#### TASK DESCRIPTION:
In your copy, leave out the pictures; write out all the data exactly.

*** DATASET EXCERPT ***

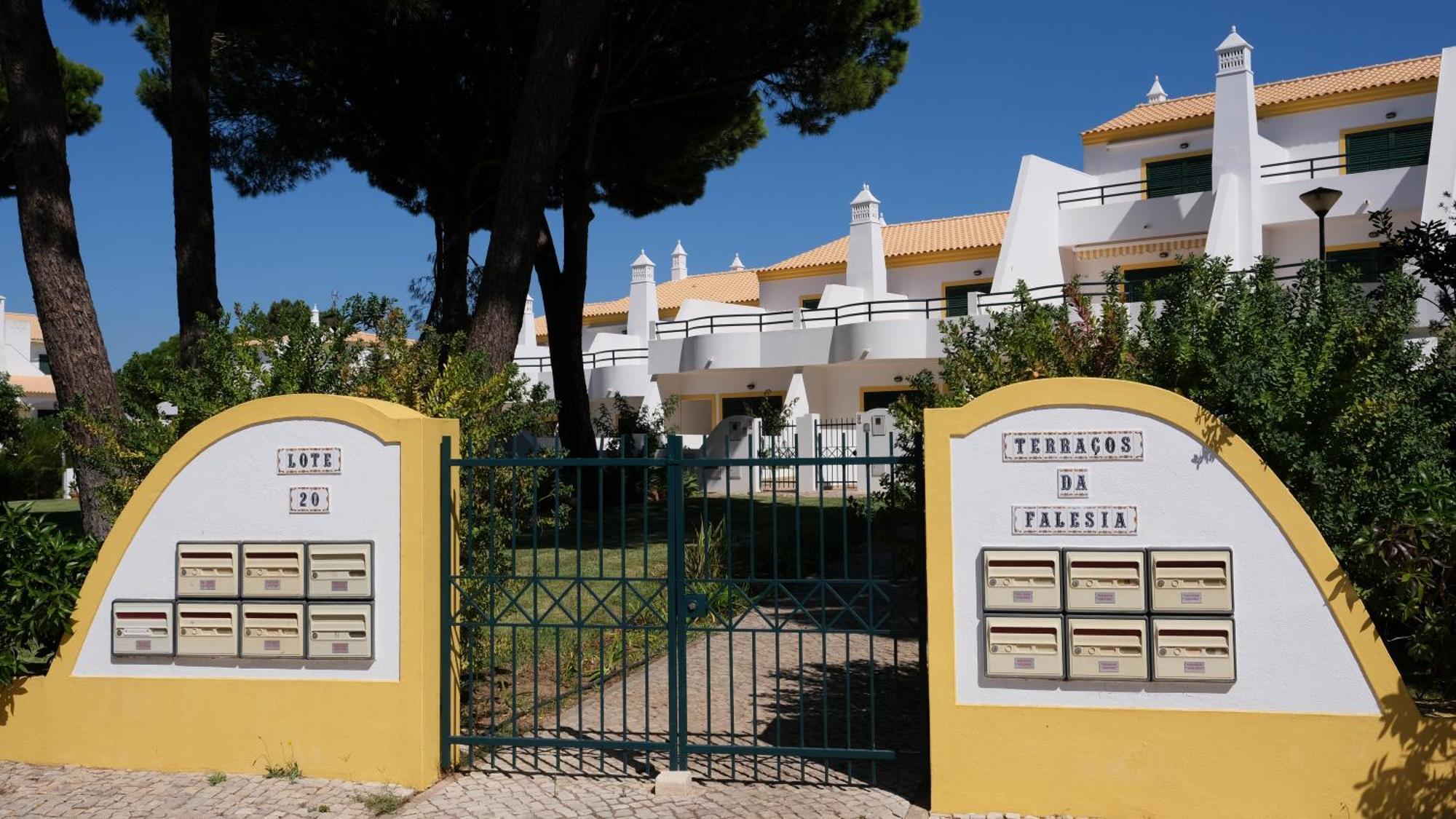 Jardins Da Falesia Αλμπουφέιρα Εξωτερικό φωτογραφία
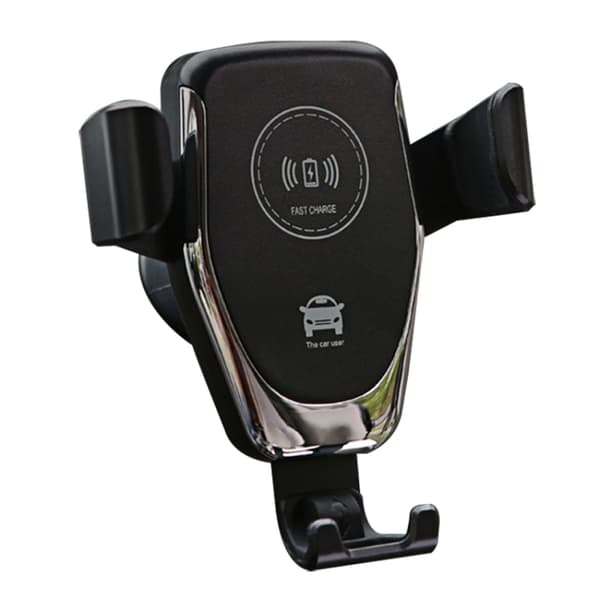TS-Trådløs Qi-billader - 18W effekt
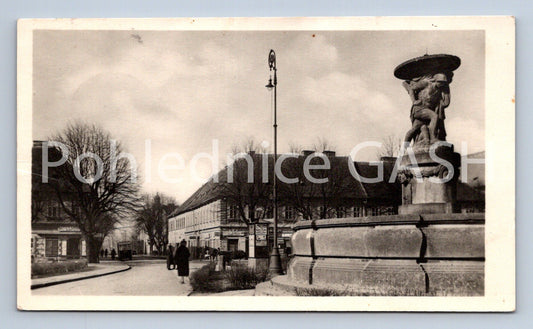 Pohlednice JAROMĚŘ II. JOSEFOV (ST5244)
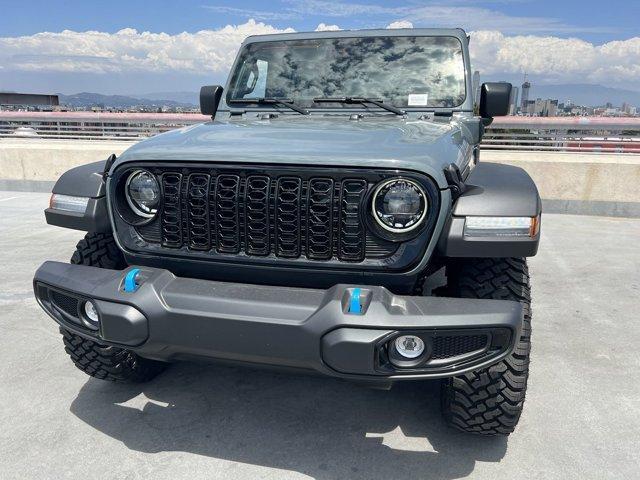 new 2024 Jeep Wrangler 4xe car, priced at $53,995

***

#### RESPONSE AREA:
 Jardins Da Falesia Αλμπουφέιρα Εξωτερικό φωτογραφία
TS-Trådløs Qi-billader - 18W effekt
 Pohlednice JAROMĚŘ II. JOSEFOV (ST5244)
 new 2024 Jeep Wrangler 4xe car, priced at $53,995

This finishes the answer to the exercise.